**SUPPLIED MATERIAL:**

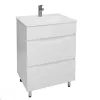 Шкаф для ванной с умывальником Alb Mstb
 Print Sava cu sertare 60cm 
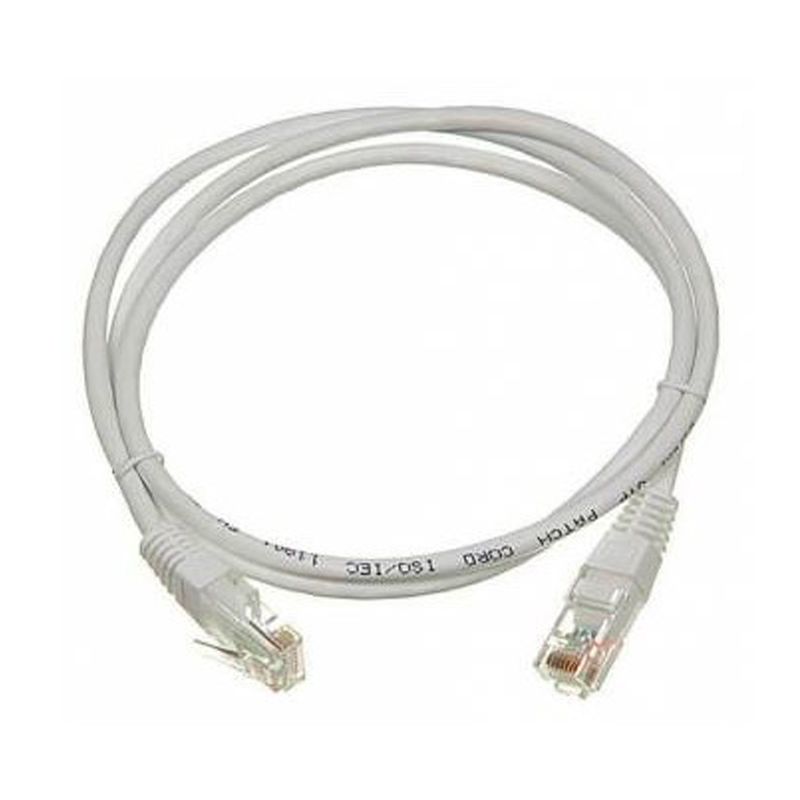 

Кабель NoBrand RJ45 - RJ45 вилка-вилка 2м (LAN-PC45/U6-2.0-WH) белый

**EXERCISE GOAL:**
Would you copy out every line of the data above exactly, minus the pictures?

**RESPONSE FOR THIS EXERCISE:**
 Шкаф для ванной с умывальником Alb Mstb
 Print Sava cu sertare 60cm 

Кабель NoBrand RJ45 - RJ45 вилка-вилка 2м (LAN-PC45/U6-2.0-WH) белый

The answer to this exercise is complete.